The national governing body of swimming in the United States acknowledged the history-making sweep, sending out a tweet of congratulations to the swimmers.

Teammates Simone and Lia gave a joint video interview to Swimming World magazine, in which Lia seriously revealed her true grit, “We were talking about it before the relay, we were gonna go until it hurt. If it hurt that meant that we were doing something right,” she said.

Like most great athletes, they weren’t thinking about themselves during the race, they were concentrating on the task at hand, and what resulted was absolute greatness.

Simone told the USA Swimming website, “When I was on the podium I was still in competition mode, thinking, ‘I have another race, it’s not over yet.’ But then when I got on the plane I saw [famous swimmer] Rowdy (Gaines) had tweeted ‘history’ and a couple of other people had said something about it. I realized how important it was, and the impact that race might have on the sport.”

Their sweep is even more dramatically important because swimming is a historically white sport, and Black people have long faced horrible racist stereotypes that they are unable to swim. USA Swimming reported that famous African-American swimmer Maritza (Correia) McClendon sent a note saying, “This feat confirms the fact that more minorities are getting involved with swimming and excelling at higher levels. I look forward to Olympic Trials next year. Not only will these ladies continue to do special things, but they will motivate the next generation of minority swimmers to do even greater things.” Seriously awesome.
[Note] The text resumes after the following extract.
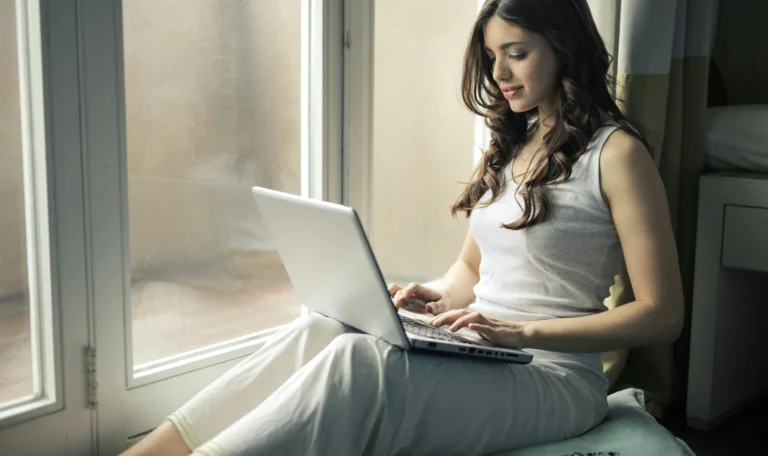 Créer une entreprise en ligne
Cullen Jones, African-American swimming gold medalist, also commented on the 1-2-3 sweep. “Congratulations to all three of these ladies; this is a great achievement. In a culture that still believes that swimming is something ‘We don’t do,’ this shows the perseverance and dedication that these ladies have put forth to all be on the podium. My hope is that this starts to change our culture’s perception and is only the beginning.”

Congratulations to the Lindsey, Simone, and Lia for both breaking records and shattering stereotypes. We’ll definitely be looking out for you three at the Olympics.